The limits of language are the limits of one's world.

Ludwig Von Wittgenstein

Computer languages influence how you think about a problem, and how you think about communicating. Every language comes with a list of features ” buzzwords such as static versus dynamic typing, early versus late binding, inheritance models (single, multiple, or none) ”all of which may suggest or obscure certain solutions. Designing a solution with Lisp in mind will produce different results than a solution based on C-style thinking, and vice versa. Conversely, and we think more importantly, the language of the problem domain may also suggest a programming solution.

We always try to write code using the vocabulary of the application domain (see The Requirements Pit, where we suggest using a project glossary). In some cases, we can go to the next level and actually program using the vocabulary, syntax, and semantics ”the language ”of the domain.

When you listen to users of a proposed system, they might be able to tell you exactly how the system should work:

Listen for transactions defined by ABC Regulation 12.3 on a set of X.25 lines, translate them to XYZ Company's format 43B, retransmit them on the satellite uplink, and store for future analysis.

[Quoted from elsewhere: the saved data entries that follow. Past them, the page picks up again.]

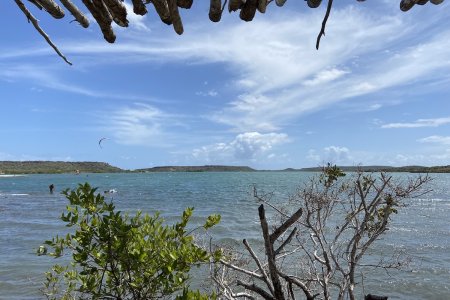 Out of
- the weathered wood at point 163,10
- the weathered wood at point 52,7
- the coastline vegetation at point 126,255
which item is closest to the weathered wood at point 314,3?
the weathered wood at point 163,10

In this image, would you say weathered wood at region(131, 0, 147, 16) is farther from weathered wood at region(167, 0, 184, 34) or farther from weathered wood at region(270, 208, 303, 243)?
weathered wood at region(270, 208, 303, 243)

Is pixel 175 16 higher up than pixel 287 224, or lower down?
higher up

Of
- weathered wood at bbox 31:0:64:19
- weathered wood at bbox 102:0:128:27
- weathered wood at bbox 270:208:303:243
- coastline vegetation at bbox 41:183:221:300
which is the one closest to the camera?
weathered wood at bbox 102:0:128:27

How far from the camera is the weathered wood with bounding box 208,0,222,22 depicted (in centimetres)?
244

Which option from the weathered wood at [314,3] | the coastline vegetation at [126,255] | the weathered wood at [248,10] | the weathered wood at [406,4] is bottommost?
the coastline vegetation at [126,255]

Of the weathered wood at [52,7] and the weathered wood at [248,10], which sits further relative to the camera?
the weathered wood at [52,7]

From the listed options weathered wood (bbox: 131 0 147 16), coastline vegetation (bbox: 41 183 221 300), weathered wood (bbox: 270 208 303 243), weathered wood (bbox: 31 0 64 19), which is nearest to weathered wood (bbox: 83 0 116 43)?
weathered wood (bbox: 131 0 147 16)

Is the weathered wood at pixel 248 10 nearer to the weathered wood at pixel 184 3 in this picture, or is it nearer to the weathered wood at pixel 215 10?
the weathered wood at pixel 215 10

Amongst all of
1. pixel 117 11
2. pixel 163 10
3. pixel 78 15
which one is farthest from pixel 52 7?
pixel 163 10

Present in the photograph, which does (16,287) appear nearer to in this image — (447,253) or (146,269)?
(146,269)

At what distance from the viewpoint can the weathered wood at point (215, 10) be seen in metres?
2.44

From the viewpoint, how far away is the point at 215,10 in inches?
97.0

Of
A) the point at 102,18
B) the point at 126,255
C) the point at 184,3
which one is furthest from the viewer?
the point at 126,255

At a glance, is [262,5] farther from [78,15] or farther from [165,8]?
[78,15] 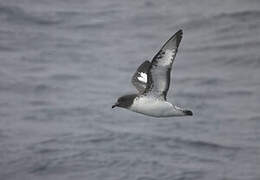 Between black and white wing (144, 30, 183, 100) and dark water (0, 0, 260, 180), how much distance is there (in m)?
3.97

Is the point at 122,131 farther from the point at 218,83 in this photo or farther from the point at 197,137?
the point at 218,83

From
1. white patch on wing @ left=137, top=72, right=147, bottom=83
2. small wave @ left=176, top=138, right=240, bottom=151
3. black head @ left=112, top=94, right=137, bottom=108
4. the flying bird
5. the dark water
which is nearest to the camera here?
the flying bird

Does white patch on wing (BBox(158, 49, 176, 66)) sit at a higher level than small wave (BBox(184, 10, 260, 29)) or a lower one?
lower

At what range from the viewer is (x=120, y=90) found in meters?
19.7

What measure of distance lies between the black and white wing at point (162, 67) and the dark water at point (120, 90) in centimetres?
397

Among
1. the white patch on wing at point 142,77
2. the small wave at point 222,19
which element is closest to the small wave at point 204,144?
the white patch on wing at point 142,77

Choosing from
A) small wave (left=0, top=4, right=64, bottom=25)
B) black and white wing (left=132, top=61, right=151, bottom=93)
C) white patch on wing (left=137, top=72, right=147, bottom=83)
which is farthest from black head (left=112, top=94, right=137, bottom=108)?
small wave (left=0, top=4, right=64, bottom=25)

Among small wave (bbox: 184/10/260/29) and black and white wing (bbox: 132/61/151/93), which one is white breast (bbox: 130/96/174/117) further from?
small wave (bbox: 184/10/260/29)

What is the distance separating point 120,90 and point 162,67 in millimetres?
8339

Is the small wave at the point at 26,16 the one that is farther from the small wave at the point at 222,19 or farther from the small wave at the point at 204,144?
the small wave at the point at 204,144

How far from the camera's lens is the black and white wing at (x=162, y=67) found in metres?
11.2

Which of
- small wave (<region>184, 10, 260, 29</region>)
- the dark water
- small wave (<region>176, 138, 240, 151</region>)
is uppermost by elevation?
small wave (<region>184, 10, 260, 29</region>)

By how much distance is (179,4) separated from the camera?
24.8 m

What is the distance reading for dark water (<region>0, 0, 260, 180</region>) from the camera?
16.1m
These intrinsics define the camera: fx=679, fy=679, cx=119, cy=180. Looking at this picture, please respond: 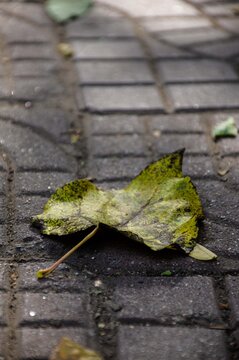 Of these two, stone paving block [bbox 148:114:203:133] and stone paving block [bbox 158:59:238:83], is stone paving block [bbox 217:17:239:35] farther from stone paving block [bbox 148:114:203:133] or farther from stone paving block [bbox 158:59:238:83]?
stone paving block [bbox 148:114:203:133]

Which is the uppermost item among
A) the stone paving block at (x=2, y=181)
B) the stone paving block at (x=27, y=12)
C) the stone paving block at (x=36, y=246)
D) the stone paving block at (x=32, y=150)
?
the stone paving block at (x=36, y=246)

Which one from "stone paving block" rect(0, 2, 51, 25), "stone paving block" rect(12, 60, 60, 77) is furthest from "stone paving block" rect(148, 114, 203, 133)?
"stone paving block" rect(0, 2, 51, 25)

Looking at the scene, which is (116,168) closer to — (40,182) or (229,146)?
(40,182)

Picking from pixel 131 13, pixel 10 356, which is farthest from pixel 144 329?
pixel 131 13

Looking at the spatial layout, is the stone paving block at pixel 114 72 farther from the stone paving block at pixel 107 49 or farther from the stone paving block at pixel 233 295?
the stone paving block at pixel 233 295

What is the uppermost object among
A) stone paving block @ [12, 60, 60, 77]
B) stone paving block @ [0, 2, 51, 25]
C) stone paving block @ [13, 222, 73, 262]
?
stone paving block @ [13, 222, 73, 262]

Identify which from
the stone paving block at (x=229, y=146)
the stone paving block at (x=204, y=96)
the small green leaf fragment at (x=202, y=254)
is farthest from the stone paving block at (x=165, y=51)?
the small green leaf fragment at (x=202, y=254) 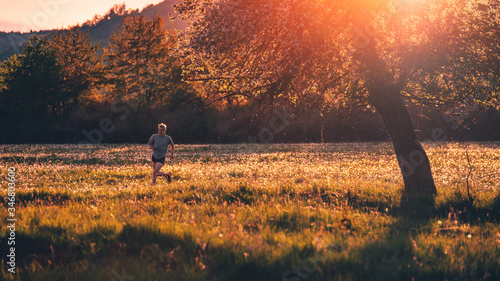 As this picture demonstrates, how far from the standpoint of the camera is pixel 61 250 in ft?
19.7

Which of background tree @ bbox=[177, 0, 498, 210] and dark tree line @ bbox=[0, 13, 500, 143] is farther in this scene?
dark tree line @ bbox=[0, 13, 500, 143]

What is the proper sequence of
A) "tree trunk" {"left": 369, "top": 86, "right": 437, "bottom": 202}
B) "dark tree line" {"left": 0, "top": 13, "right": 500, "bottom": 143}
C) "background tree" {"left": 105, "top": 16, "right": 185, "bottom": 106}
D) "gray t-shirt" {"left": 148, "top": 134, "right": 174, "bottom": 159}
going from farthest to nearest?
1. "background tree" {"left": 105, "top": 16, "right": 185, "bottom": 106}
2. "dark tree line" {"left": 0, "top": 13, "right": 500, "bottom": 143}
3. "gray t-shirt" {"left": 148, "top": 134, "right": 174, "bottom": 159}
4. "tree trunk" {"left": 369, "top": 86, "right": 437, "bottom": 202}

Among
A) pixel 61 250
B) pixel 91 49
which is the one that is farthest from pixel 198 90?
pixel 91 49

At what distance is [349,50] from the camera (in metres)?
10.9

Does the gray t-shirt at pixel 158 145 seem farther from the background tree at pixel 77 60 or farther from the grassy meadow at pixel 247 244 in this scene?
the background tree at pixel 77 60

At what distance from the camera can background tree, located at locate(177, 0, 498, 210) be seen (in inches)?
382

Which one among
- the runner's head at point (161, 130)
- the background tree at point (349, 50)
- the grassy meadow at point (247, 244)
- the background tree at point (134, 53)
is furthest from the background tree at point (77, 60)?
the grassy meadow at point (247, 244)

If your users have a number of such well-bounded statements, you can invent a mini-language tailored to the application domain that expresses exactly what they want:

 From X25LINE1 (Format=ABC123) {       Put TELSTAR1 (Format=XYZ43B);       Store DB;     } 

This language need not be executable. Initially, it could be simply a way of capturing the user 's requirements ”a specification. However, you may want to consider taking this a step further and actually implementing the language. Your specification has become executable code.

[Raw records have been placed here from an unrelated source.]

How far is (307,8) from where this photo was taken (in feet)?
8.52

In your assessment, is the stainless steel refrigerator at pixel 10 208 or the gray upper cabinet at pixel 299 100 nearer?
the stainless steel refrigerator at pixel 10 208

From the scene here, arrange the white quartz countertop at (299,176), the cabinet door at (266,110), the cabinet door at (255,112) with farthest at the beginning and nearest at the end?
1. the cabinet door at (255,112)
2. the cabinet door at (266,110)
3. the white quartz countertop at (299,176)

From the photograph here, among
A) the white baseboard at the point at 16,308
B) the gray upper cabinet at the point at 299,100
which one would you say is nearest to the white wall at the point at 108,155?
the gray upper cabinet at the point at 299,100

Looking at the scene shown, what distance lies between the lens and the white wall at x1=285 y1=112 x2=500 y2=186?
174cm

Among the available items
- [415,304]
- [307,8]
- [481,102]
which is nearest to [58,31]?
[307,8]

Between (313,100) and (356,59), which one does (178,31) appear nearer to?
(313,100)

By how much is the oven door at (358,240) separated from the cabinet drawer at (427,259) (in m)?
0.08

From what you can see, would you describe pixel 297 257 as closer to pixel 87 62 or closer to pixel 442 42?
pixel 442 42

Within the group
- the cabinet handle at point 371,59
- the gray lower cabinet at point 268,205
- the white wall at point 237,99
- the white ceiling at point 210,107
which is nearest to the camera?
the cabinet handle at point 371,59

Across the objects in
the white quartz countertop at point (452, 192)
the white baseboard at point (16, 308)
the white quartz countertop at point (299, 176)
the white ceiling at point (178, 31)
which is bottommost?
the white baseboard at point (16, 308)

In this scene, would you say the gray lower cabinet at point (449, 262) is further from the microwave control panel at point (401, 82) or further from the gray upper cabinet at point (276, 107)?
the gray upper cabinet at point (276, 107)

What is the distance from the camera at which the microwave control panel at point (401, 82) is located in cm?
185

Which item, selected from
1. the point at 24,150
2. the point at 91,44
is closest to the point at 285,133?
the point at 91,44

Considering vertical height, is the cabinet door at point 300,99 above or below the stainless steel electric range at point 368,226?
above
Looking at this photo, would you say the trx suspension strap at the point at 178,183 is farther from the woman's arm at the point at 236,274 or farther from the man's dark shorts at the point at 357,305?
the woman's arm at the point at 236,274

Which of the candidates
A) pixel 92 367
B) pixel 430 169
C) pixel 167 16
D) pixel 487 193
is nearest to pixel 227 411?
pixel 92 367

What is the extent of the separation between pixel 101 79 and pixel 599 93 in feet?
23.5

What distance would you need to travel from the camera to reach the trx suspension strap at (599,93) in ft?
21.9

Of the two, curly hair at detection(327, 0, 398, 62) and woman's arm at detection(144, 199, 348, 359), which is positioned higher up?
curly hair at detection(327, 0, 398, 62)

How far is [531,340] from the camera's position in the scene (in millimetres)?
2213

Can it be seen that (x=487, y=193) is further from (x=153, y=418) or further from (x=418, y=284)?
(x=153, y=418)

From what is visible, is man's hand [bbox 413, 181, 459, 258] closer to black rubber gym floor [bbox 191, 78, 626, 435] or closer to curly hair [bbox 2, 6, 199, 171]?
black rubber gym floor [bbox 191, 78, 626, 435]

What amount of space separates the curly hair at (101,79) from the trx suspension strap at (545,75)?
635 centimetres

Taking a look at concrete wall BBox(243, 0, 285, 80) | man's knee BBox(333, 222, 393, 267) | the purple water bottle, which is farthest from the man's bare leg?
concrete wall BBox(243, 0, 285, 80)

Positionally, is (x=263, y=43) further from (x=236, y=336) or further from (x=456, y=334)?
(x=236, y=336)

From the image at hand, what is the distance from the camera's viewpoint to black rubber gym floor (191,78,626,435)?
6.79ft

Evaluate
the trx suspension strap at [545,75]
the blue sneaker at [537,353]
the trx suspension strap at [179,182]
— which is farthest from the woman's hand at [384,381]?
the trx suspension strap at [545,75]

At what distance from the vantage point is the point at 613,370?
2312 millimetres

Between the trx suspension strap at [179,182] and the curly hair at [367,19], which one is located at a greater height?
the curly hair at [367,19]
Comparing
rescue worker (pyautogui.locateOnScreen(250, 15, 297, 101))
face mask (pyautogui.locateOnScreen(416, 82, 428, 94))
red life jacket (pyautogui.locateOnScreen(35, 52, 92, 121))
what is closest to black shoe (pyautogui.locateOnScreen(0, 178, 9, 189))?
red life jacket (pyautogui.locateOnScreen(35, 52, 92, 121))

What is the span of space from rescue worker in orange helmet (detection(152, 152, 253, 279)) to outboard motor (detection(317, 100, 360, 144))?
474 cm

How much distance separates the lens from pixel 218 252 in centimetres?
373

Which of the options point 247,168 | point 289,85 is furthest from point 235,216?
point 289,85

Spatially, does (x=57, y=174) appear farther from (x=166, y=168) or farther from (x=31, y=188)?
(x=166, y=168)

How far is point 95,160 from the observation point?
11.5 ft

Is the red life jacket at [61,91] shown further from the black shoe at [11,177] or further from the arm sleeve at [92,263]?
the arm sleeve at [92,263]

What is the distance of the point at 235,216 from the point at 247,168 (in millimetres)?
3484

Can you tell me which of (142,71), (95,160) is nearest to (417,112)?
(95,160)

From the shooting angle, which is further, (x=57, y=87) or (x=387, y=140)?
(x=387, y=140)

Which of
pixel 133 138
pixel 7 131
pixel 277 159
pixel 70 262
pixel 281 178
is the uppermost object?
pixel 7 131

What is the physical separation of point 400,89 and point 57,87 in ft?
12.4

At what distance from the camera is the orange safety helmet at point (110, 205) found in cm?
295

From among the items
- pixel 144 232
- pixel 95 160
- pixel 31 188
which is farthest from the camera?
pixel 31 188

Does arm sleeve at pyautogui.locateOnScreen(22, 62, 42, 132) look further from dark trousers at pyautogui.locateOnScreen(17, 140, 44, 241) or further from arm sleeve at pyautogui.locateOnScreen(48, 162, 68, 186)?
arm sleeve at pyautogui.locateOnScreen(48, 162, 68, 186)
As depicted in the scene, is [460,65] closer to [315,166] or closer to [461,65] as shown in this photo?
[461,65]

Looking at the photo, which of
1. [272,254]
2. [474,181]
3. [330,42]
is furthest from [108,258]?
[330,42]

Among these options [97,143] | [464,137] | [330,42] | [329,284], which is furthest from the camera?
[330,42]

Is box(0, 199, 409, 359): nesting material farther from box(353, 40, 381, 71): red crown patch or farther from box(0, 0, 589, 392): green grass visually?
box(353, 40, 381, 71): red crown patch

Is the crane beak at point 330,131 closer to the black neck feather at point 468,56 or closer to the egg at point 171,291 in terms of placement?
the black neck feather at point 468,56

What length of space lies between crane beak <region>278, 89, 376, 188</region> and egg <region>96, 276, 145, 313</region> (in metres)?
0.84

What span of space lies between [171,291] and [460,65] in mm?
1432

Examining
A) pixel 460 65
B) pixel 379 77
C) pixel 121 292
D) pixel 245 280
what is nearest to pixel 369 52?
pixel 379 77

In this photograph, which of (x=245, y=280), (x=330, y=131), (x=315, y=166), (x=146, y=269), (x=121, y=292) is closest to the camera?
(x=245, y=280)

After you've written the application, the users give you a new requirement: transactions with negative balances shouldn't be stored, and should be sent back on the X.25 lines in the original format:

 From X25LINE1 (Format=ABC123) {       if (ABC123.balance < 0) {         Put X25LINE1 (Format=ABC123);       }       else {         Put TELSTAR1 (Format=XYZ43B);         Store DB;       }     } 

That was easy, wasn't it? With the proper support in place, you can program much closer to the application domain. We're not suggesting that your end users actually program in these languages. Instead, you're giving yourself a tool that lets you work closer to their domain.

Tip 17

Program Close to the Problem domain



Whether it's a simple language to configure and control an application program, or a more complex language to specify rules or procedures, we think you should consider ways of moving your project closer to the problem domain. By coding at a higher level of abstraction, you are free to concentrate on solving domain problems, and can ignore petty implementation details.

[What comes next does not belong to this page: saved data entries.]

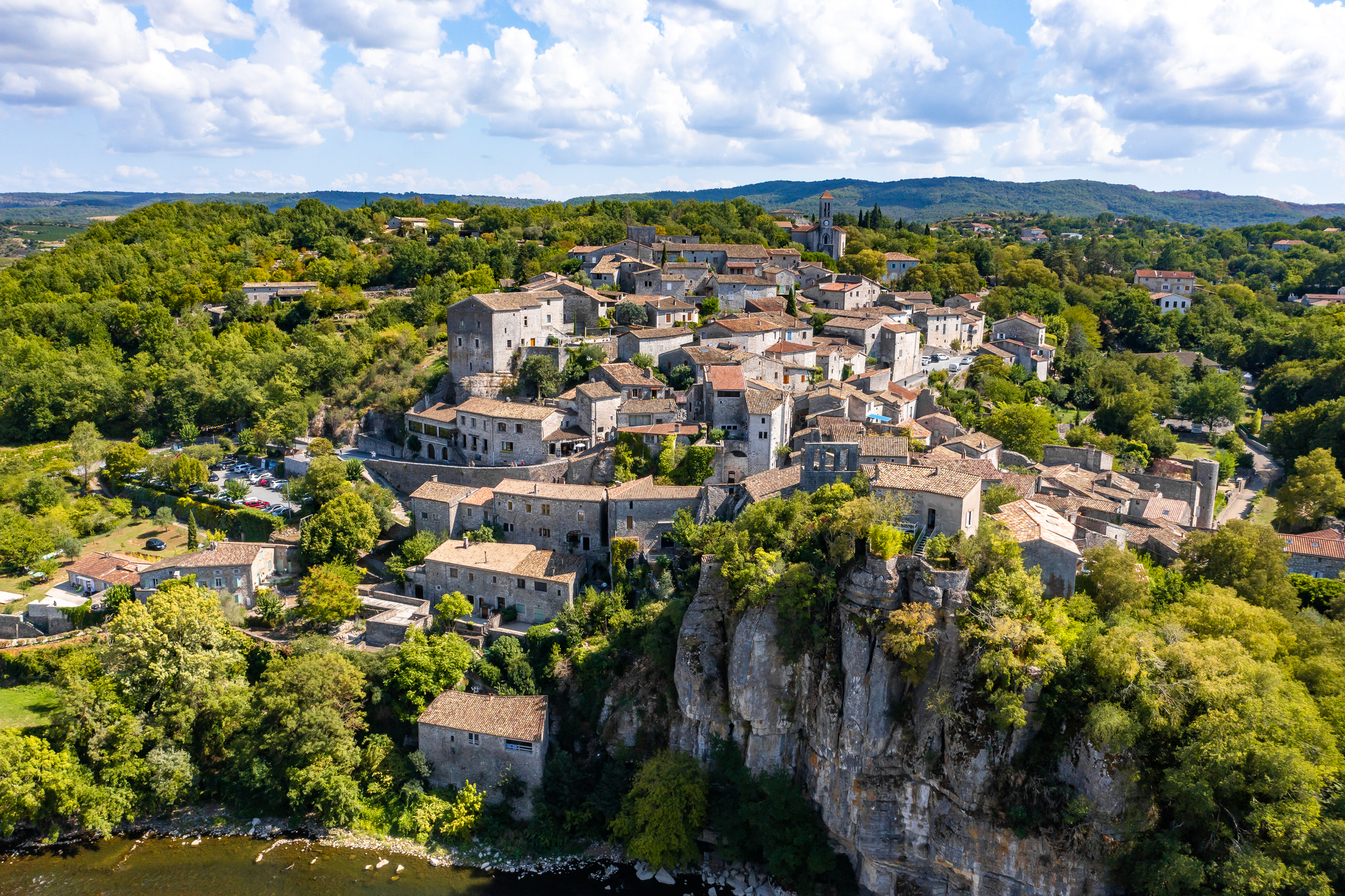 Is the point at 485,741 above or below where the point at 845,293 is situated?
below

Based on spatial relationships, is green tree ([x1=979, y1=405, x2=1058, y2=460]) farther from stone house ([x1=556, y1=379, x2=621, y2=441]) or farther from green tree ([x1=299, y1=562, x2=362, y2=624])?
green tree ([x1=299, y1=562, x2=362, y2=624])

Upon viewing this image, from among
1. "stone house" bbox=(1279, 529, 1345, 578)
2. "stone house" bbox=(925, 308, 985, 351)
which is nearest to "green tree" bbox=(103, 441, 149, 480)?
"stone house" bbox=(925, 308, 985, 351)

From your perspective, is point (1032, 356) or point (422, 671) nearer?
point (422, 671)

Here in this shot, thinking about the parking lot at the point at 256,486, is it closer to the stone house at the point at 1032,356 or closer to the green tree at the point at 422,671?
the green tree at the point at 422,671

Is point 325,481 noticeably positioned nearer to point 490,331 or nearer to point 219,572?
point 219,572

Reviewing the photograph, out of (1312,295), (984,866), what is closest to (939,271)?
(1312,295)

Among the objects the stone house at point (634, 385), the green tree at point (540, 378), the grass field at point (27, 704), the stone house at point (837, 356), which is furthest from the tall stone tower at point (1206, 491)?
the grass field at point (27, 704)

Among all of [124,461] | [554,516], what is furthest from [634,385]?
[124,461]

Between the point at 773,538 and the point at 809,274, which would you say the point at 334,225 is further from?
the point at 773,538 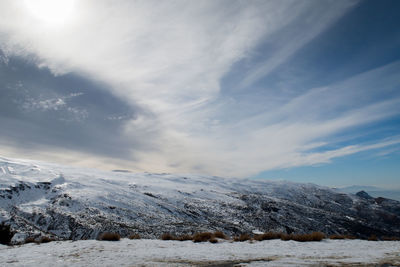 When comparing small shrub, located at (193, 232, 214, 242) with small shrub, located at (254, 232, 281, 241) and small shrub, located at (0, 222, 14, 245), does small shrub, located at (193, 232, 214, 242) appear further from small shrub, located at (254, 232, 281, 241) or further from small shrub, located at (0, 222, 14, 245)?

Remember that there are many users of an application. There's the end user, who understands the business rules and the required outputs. There are also secondary users: operations staff, configuration and test managers, support and maintenance programmers, and future generations of developers. Each of these users has their own problem domain, and you can generate mini-environments and languages for all of them.

Domain-Specific Errors

If you are writing in the problem domain, you can also perform domain-specific validation, reporting problems in terms your users can understand. Take our switching application on on the facing page. Suppose the user misspelled the format name :

 From X25LINE1 (Format=AB123) 

If this happened in a standard , general-purpose programming language, you might receive a standard, general-purpose error message:

 Syntax error: undeclared identifier 

But with a mini-launguage, you would instead be able to issue an error message using the vocabulary of the domain:

 "AB123" is not a format. known formats are ABC123,             XYZ43B, PDQB, and 42. 

Implementing a Mini-Language

At its simplest, a mini-language may be in a line-oriented, easily parsed format. In practice, we probably use this form more than any other. It can be parsed simply using switch statements, or using regular expressions in scripting languages such as Perl. The answer to Exercise 5 on page 281 shows a simple implementation in C.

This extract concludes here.